Apr 13 2017

The Dungeon of Harrow (1962)

Before a lengthy career drawing many a Charlton Comics title, Pat Boyette tried his hand at filmmaking. Although he technically succeeded, in that he directed three movies in two years, he failed spectacularly. His best-known film, The Dungeon of Harrow, is harrowing only in trying to sit through it.

Looking not unlike Nicolas Cage dipped in Clairol Natural Instincts for Men, the weaker-than-milquetoast Russ Harvey overwhelmingly underwhelms in his starring role as Aaron Fallon, a trust-fund wimp who is one of only two shipwreck survivors stranded on the island of Count Lorente de Sade (William McNulty), our obvious madman whose requisite Gothic castle predictably includes an array of guest accommodations (read: torture chambers).

When I tell you that the shipwreck is rendered via toy boat, or crashes of lightning achieved through the flickering of light, I do so not to encourage viewing, but to testify against it. The extra spaces inserted randomly in the opening titles should be considered a bellwether — one warning of “incomprehensible dreck ahead.”

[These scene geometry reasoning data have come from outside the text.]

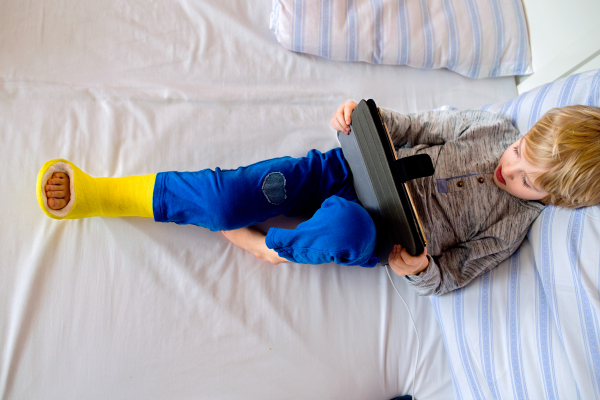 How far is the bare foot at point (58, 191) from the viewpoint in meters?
0.71

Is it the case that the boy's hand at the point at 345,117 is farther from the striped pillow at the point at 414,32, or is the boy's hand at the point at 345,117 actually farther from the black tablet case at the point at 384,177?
the striped pillow at the point at 414,32

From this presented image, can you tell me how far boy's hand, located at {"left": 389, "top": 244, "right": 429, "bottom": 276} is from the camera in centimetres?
69

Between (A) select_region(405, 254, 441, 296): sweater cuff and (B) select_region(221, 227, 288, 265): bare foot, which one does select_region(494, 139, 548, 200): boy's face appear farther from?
(B) select_region(221, 227, 288, 265): bare foot

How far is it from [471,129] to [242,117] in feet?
1.90

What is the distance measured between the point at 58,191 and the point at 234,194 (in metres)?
0.36

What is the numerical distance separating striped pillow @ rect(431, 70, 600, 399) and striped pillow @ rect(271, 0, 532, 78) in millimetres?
254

As director, co-writer, editor, composer and supporting player, Boyette was aiming for something in the snazzy style of Roger Corman’s Edgar Allan Poe adaptations. The result is The Terror, but on Medicaid assistance. Shot in San Antonio, The Dungeon of Harrow proves that precious few Texas-lensed terrors can be a Chain Saw Massacre. This is one of those public-domain titles that even the public domain took a gander, turned up its nose, made a shooing gesture and said, “Nah, I’m good.” —Rod Lott

Get it at Amazon.


Apr 10 2017

Eliminators (1986)

Eliminators presents itself like the pilot episode for a series the network suits decided against ordering, so they burned it off as a TV movie of the week. It even concludes with the we-don’t-have-an-ending freeze frame of our heroes smiling and laughing — in that beyond-clichéd way Ron Burgundy and his Channel 4 news team parodied in Anchorman: “We are laughing and we are very good friends. Good buddies sharing a special moment … laughing and enjoying our friendship.”

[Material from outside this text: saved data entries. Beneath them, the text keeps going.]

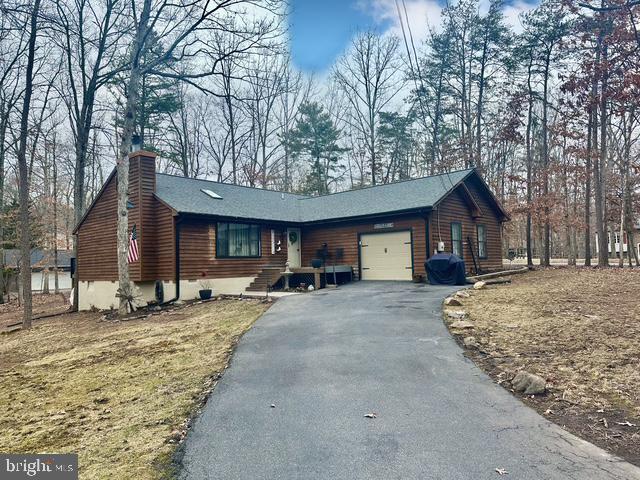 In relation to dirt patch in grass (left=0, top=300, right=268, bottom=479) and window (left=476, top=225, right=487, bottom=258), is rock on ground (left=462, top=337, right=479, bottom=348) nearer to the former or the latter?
dirt patch in grass (left=0, top=300, right=268, bottom=479)

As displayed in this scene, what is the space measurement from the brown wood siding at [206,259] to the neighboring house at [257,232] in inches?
1.3

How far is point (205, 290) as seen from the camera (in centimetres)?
1366

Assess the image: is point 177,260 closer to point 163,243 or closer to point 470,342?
point 163,243

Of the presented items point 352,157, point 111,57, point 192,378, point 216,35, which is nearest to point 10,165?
point 111,57

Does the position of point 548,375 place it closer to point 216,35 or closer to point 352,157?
point 216,35

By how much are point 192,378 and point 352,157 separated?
28.1 m

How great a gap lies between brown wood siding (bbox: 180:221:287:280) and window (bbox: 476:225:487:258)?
8.87 m

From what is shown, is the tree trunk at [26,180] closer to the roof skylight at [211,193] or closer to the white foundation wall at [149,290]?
the white foundation wall at [149,290]

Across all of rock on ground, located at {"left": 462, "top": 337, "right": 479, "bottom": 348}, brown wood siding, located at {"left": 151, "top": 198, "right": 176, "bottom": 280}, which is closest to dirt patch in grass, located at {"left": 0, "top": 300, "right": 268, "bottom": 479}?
brown wood siding, located at {"left": 151, "top": 198, "right": 176, "bottom": 280}

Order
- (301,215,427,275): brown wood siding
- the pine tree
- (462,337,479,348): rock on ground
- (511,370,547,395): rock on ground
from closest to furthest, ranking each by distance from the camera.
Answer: (511,370,547,395): rock on ground, (462,337,479,348): rock on ground, (301,215,427,275): brown wood siding, the pine tree

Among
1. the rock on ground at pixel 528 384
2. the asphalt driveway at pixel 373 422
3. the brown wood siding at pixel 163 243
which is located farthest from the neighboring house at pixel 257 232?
the rock on ground at pixel 528 384

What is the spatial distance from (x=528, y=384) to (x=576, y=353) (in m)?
1.40

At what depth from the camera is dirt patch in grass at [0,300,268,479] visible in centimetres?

Of course, Eliminators was not a television show; it’s a feature from Charles Band’s Empire Pictures, directed by Peter Manoogian (Seedpeople), but the real creative force at work is the screenwriting duo of Paul De Meo and Danny Bilson. One can see the fun-loving seeds of their later superhero projects take sprout, including The Rocketeer and the 1990 TV series of The Flash.

Based not on any pre-existing property, Eliminators assembles a ragtag group of five disparate do-gooders:
• Mandroid (Patrick Reynolds, Battle Force), who’s half-man, half-android;
• the bra-less and brilliant scientist Nora Hunter (Denise Crosby, Pet Sematary);
• her pet robot, R2-D2 Spot;
• pirate captain Harry Fontana (Andrew Prine, Terror Circus), whose powers amount to being surly and steering a boat;
• and Kuji (Conan Lee, Gymkata), a martial-arts master on hand to lend diversity just before the movie ends.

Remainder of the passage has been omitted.